↓↓↓

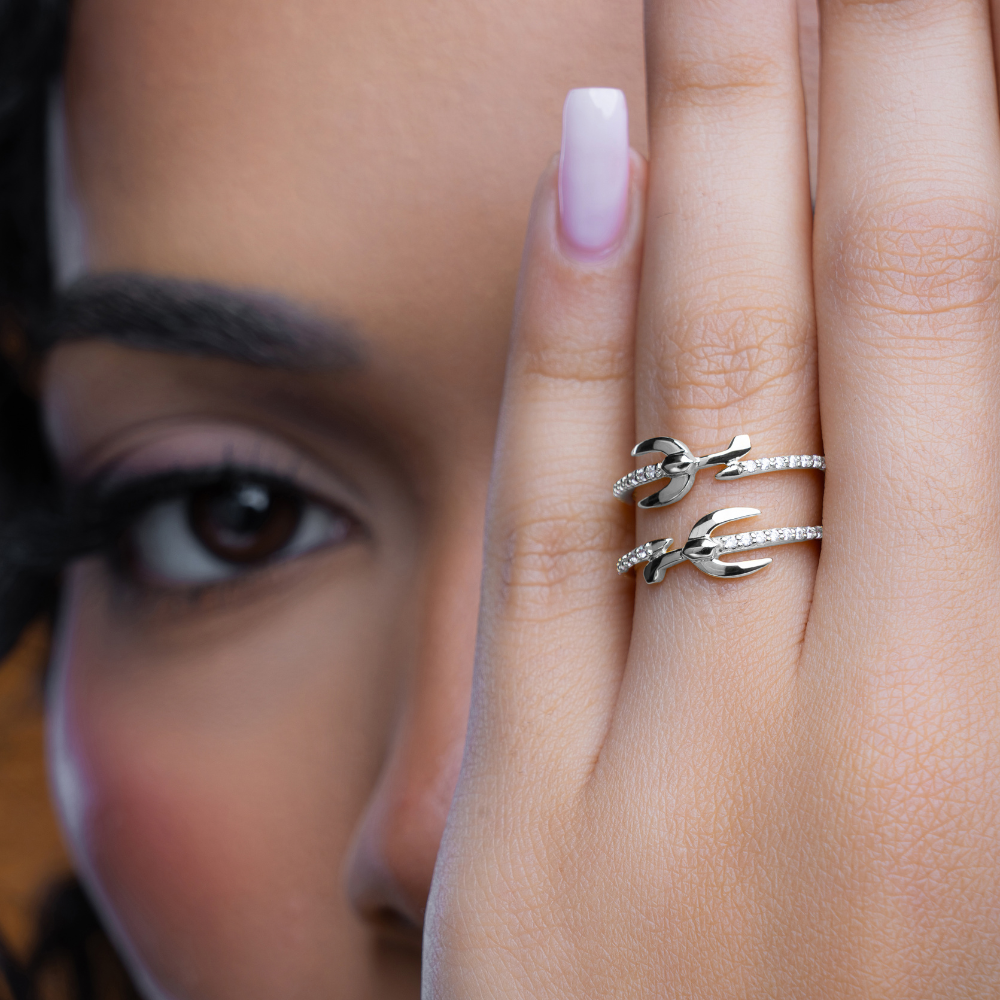 woman wearing a silver rhodium-plated band ring with cubic zirconia stones set in it.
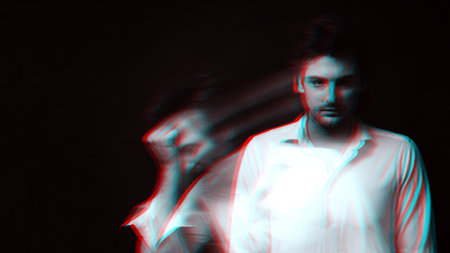 Abstract blurry portrait of a psychopathic man with schizophrenic diseases and split personalityの写真素材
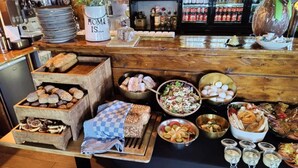 Un buffet proposant une variété de plats, notamment du pain, des salades et des desserts.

↑↑↑

Please print the data above in its entirety, exactly, but without any picture.

### EXERCISE SOLUTION
 woman wearing a silver rhodium-plated band ring with cubic zirconia stones set in it.
 Abstract blurry portrait of a psychopathic man with schizophrenic diseases and split personalityの写真素材
 Un buffet proposant une variété de plats, notamment du pain, des salades et des desserts.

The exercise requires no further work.